Ce qui devait arriver était arrivé. Son intérêt pour l’avenir s’était réveillé, sa curiosité lui était revenue.

— Je ne me souviens que de ce qui est indispensable, lui répondit Mirsky. Et même si je me souvenais de plus, je n’aurais pas le droit de vous en parler. Pas entièrement.

— Combien de temps s’écoulera… jusqu’à la fin ?

— Le temps a de moins en moins de signification dans cette région de l’histoire. Mais une estimation – un pronostic d’amateur – n’engage à rien. Disons soixante-quinze milliards d’années au bas mot.

Lanier battit plusieurs fois des paupières, essayant d’absorber la signification d’une telle durée.

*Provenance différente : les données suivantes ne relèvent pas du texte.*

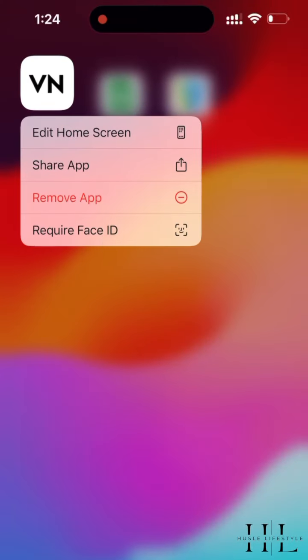We can hide apps on the iPhone, and we can log into the iPhone. We can log into the app and tap. We can use Face ID.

— Je regrette, fit Mirsky en secouant lentement la tête, de paraître aussi évasif, mais cela ne dépend pas de moi, soyez-en sûr. Les révélations ne sont pas pour tout de suite. Plus tard, peut-être ; beaucoup plus tard, lorsque les humains rejoindront les communautés…

Lanier eut un frisson et secoua doucement la tête.

— Très bien, dit-il. Mais ma curiosité est toujours là, et d’autres seront probablement encore plus curieux que moi. Ceux-là même que vous aurez à convaincre.

Mirsky fit la grimace pour montrer qu’il s’attendait à ce problème.

— Et maintenant, Garry, dit-il, à moi de poser les questions. Pourrions-nous parler un peu de ce qui s’est passé après le départ des cylindres geshels ?

— À partir de quand exactement ?

— De votre retour à la Terre.

Lanier médita quelques instants, trouva un point de départ et commença une confession dont il avait cessé, tout compte fait, de ressentir le besoin.